━━━ The data ━━━

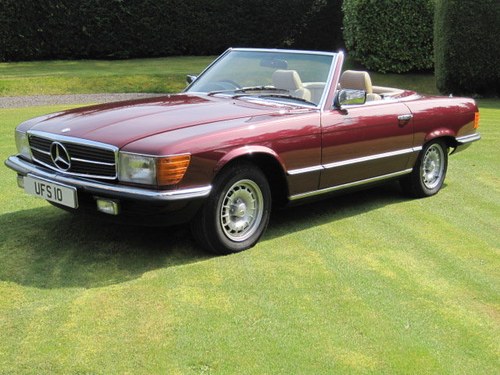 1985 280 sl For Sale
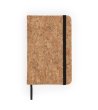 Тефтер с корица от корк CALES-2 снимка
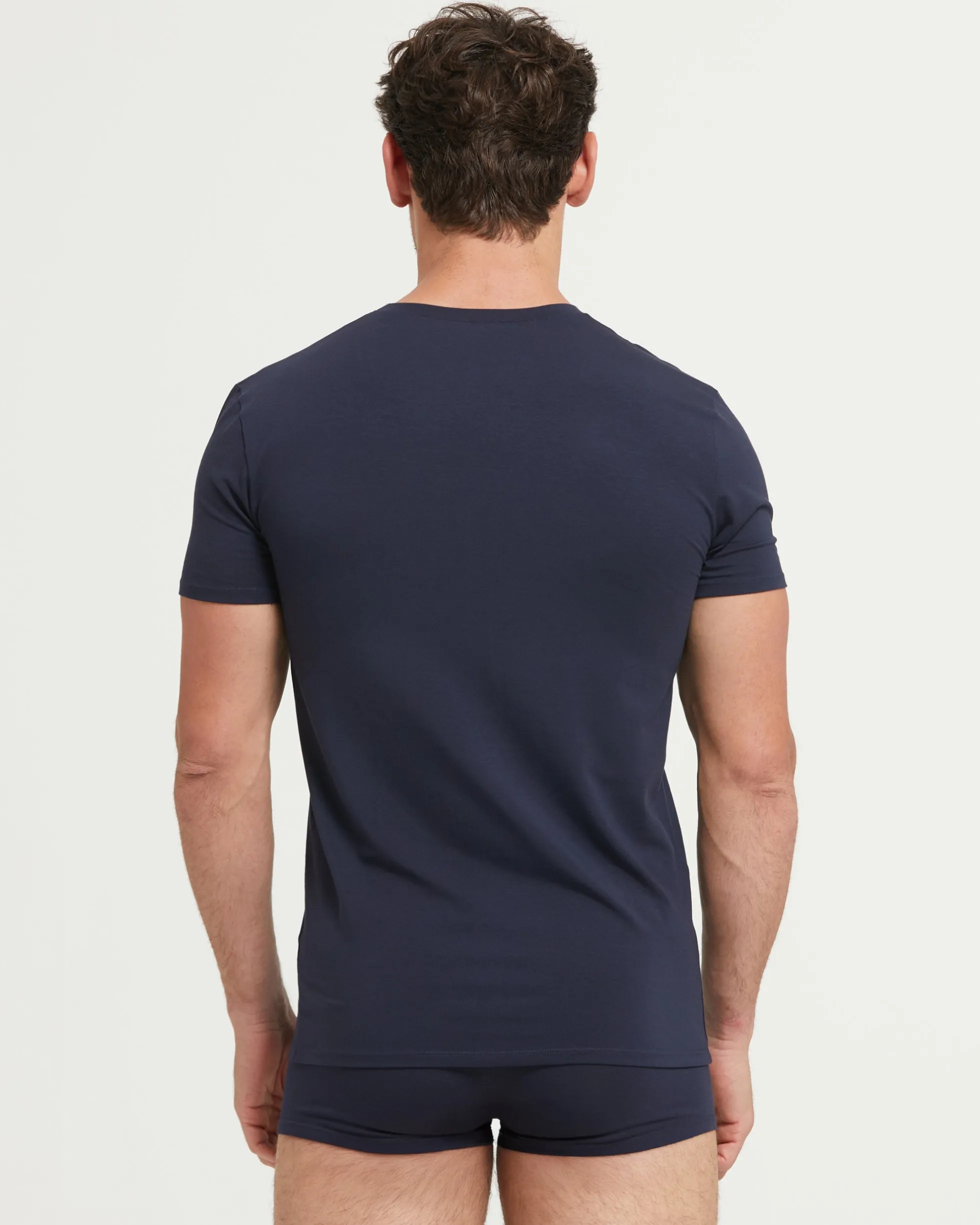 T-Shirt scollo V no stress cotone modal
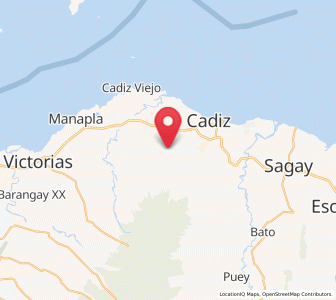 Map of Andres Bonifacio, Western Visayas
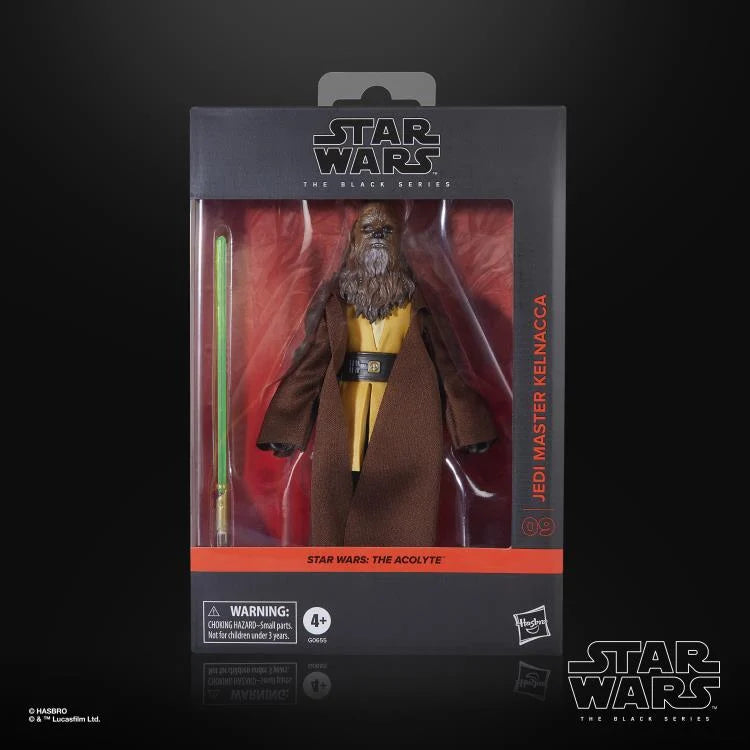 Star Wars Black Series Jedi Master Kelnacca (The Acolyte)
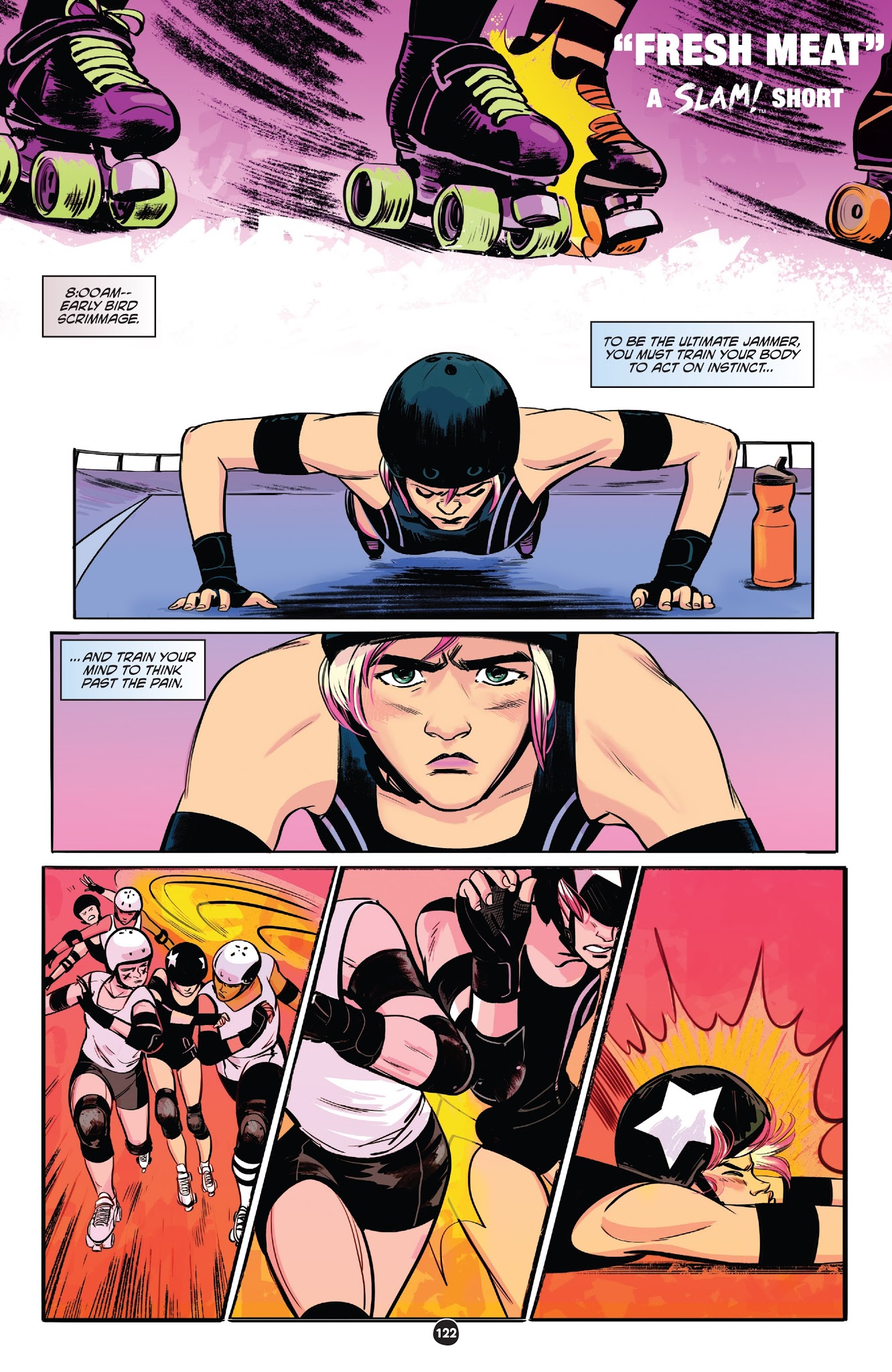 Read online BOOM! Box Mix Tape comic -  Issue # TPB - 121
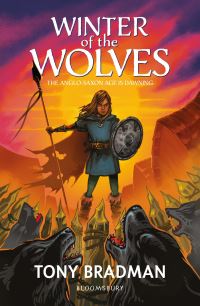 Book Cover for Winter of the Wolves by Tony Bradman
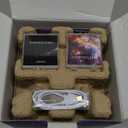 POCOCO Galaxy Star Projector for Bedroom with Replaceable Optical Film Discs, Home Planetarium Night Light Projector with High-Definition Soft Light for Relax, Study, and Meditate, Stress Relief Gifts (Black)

━━━

- [What you need to do]: The copy you give must run from the line containing "T-Shirt scollo V no stress cotone modal" through the last line of the records, exactly, with the pictures left out.

- [The completed task]:
 T-Shirt scollo V no stress cotone modal
 Map of Andres Bonifacio, Western Visayas
 Star Wars Black Series Jedi Master Kelnacca (The Acolyte)
 Read online BOOM! Box Mix Tape comic -  Issue # TPB - 121
 Book Cover for Winter of the Wolves by Tony Bradman
 POCOCO Galaxy Star Projector for Bedroom with Replaceable Optical Film Discs, Home Planetarium Night Light Projector with High-Definition Soft Light for Relax, Study, and Meditate, Stress Relief Gifts (Black)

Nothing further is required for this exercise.